There’s no doubt delivery is a convenience that resonates with customers. According to Ipsos Foodservice Monitor, Canadians spent $1 billion on meal-delivery apps in 2018, and Charlebois says this number is now near $2 billion.
Restaurants Canada’s Foodservice Industry Forecast 2018-2022 also indicated off-premise sales increased at both quick-service and full-service restaurants in the first half of 2018, driven by demand for delivery. During the same period, on-premise visits declined at QSRs, with off-premise orders accounting for 71 per cent of this segment’s traffic.
Having a presence on third-party platforms can expand a restaurant’s visibility and customer base. And, as Charlebois points out, can even help mitigate the industry’s sensitivity to weather conditions.
“You have the potential to connect with somebody who otherwise would never have entered your restaurant,” says Bekerman, noting this requires a bit of a balancing act. “[It requires] figuring out how to connect with people who otherwise wouldn’t come to your restaurants [without] cannibalizing yourself by turning your loyal walk-in customers into delivery-only customers.”
He points to in-restaurant incentives and limiting the modifications available on delivery orders as strategies put in place at iQ to help ensure such a balance. “Limiting modifications for delivery helps simplify order preparation and reduces the potential for errors, which are a lot easier to solve in restaurant, versus somebody who’s waited 45 minutes for their food to come to their doorstep.”
The nimble nature of digital platforms also makes them an ideal avenue for menu testing. “It’s a soft way to experiment,” says Charlebois. “You can do promotions, for example, much more [easily] with digital.”
Virtual- or “ghost-restaurant” concepts are also being examined as a way to make the most of the delivery boom.

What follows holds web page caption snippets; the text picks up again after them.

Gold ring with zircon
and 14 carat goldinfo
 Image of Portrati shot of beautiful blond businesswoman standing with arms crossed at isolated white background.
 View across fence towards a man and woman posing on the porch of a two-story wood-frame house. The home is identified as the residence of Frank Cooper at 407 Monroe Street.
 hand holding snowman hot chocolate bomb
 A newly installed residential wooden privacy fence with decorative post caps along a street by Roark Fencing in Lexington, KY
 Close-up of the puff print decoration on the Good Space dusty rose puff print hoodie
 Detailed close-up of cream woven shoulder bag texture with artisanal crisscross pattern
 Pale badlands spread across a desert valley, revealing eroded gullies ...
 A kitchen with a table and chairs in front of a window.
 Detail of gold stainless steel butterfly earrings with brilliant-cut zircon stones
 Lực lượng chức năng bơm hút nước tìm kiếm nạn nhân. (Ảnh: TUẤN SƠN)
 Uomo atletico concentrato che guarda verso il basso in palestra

This delivery-only operating model allows restaurants to maximize existing real-estate and labour costs by delivering a secondary concept/menu on delivery platforms. This also provides an opportunity for low-risk experimentation and a chance to capitalize on diverse segments.
Toronto-based Hero Certified Burgers offers Hero Certified Seafood and Hero Certified Chicken menus exclusively on third-party platforms. And, while these brands were originally run out of Hero Burger locations, they’re now being made available to outside operators across the country to operate as virtual delivery-only concepts.
Some companies — such as U.S.-based Cloud Kitchens and Toronto-based Ghost Kitchens Canada — have even chosen to go fully virtual, taking advantage of less-expensive real estate and operating multiple concepts out of a single kitchen.
“Ghost kitchens are a very interesting phenomena,” says Charlebois. “We have 50 or 60 now in Canada and it’s growing.”
And, Bekerman adds, “[these concepts] have an opportunity to solve a part of the problem.”
iQ and others have gone yet another route, building small-footprint take-out focused concepts with very limited or no seating. There are also brands that have placed their focus on removing pain points associated with third-party delivery through in-restaurant features such as pickup portals.
All the opportunities and solutions related to third-party delivery are not yet clear — and that in itself is a source of opportunity. Those nimble businesses that can discover and successfully implement optimal operating models stand to reap the greatest rewards.
“We’re at an assessment stage,” Bekerman says. “The dynamic and the relationship has to change, but we’re [not] going to know what that really looks like for another 12 or 18 months.”